Robert Noe “Bob” Haydon Sr., 88, a well-known businessman and community member, passed away on Feb. 23.

His son, Bobby, said Haydon lived a long life.

“I’d say he did most of what we wanted to do, if not all,” Bobby said.

Haydon joined the family business, Haydon Coal and Oil Co., which was started by Haydon’s grandfather, Charles Joseph Haydon Sr. in 1918.

“My Dad’s dad, and his brother, George and Charlie Haydon, really got it going,” Bobby said. “And then we celebrated 100 years of business last year in … May.”

Bobby recalled his late father as good role model.

“He was a great businessman,” Bobby said. “He loved sports. You know, I’d have to say he was a good father…”

He said his father was up before he and his five sisters were awake each day and didn’t come home until 6 or 6:30 at night.

On top of being a hardworking man, Haydon was known for civic duties such as starting the youth football league here and serving as past president of the Rotary Club and past president for the Kentucky Petroleum Marketing Association.
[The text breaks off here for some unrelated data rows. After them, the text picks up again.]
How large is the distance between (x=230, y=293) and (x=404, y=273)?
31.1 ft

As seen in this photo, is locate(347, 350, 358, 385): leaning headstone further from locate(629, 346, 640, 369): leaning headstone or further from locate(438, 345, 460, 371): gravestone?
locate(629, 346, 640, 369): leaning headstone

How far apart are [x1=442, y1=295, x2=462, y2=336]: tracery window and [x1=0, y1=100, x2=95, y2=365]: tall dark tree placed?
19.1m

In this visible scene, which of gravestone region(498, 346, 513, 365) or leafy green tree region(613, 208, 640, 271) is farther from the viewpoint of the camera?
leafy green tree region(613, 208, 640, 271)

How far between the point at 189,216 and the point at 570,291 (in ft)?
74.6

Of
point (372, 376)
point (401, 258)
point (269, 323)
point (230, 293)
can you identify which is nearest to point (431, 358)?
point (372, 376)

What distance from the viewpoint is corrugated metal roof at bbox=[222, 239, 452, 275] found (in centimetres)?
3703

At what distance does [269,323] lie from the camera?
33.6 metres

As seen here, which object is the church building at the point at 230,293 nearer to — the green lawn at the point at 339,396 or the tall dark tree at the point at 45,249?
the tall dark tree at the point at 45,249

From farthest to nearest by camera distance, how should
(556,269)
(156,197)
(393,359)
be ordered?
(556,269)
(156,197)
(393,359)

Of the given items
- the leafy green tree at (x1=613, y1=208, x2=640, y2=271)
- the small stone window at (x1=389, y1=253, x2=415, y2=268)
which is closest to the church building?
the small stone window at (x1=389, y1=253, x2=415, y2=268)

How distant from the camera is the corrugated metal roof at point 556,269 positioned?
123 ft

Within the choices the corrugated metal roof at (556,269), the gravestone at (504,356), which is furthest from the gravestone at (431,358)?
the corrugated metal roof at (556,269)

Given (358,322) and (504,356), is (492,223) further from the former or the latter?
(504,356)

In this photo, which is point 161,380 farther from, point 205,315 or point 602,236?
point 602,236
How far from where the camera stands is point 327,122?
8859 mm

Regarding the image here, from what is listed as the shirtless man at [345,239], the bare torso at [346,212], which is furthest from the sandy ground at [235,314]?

Haydon also played football for the University of Kentucky for two years under head coach Paul William (Bear) Bryant.

“And then he went into the Army,” Bobby said.

After his time was served, Haydon came home and married his wife, Martha Ann (Wilson) Haydon.

“This last year in December, we celebrated their 64th wedding anniversary,” Bobby said.

After spending nine months in Lexington, the couple returned home to start their family.

“In high school, I would work down there to make some spending money,” Bobby said. “He didn’t believe in allowances or anything. You earned your money and that was a good way to grow up.”

Jimmy Ballard assisted Haydon in starting the youth football league here.

“I can remember going with him to Aggie Sales Sports Shop in Harrodsburg,” Bobby said. “They went over and bought the football equipment: the shoulder pads, helmets, footballs, whatever, and Dad would take them to the basement and when the time came to outfit the kids everybody would come up to our basement and pick out their uniforms.”

On top of his time spent introducing children to football, Haydon could also be seen on the golf course or in Lexington.

“He was an avid golfer,” Bobby said. “He loved going to the UK football games and in the lean times he would ask us: ‘are you in or are you out of the boat?’”

Bobby said the community might remember him as a businessman and a sports enthusiast.

He recalled the last year or so helping his father out.

“I would drive him to his doctors appointments,” Bobby said. “And later on, Mom and him have a dog and we would put the dog in the backseat and we’d go riding.”

The drive usually brought them to Lebanon for lunch.

“He loved stopping over at the bank,” Bobby said, adding that his dad knew all of the people who worked there. “He knew them all and he just loved cutting up with them.”

Bobby said he really enjoyed the past year because all of the extra time he got to spend with his father.

“I know he loved his grandkids and his great grandkids,” Bobby said. “(He) liked spending time when they would come in. Taking them golfing. (I) just enjoyed being around that.”

He added that his father would want to be remembered as a loving father.

“And somebody who cared about his community,” Bobby said. “… I think he was a respected businessman in the community.”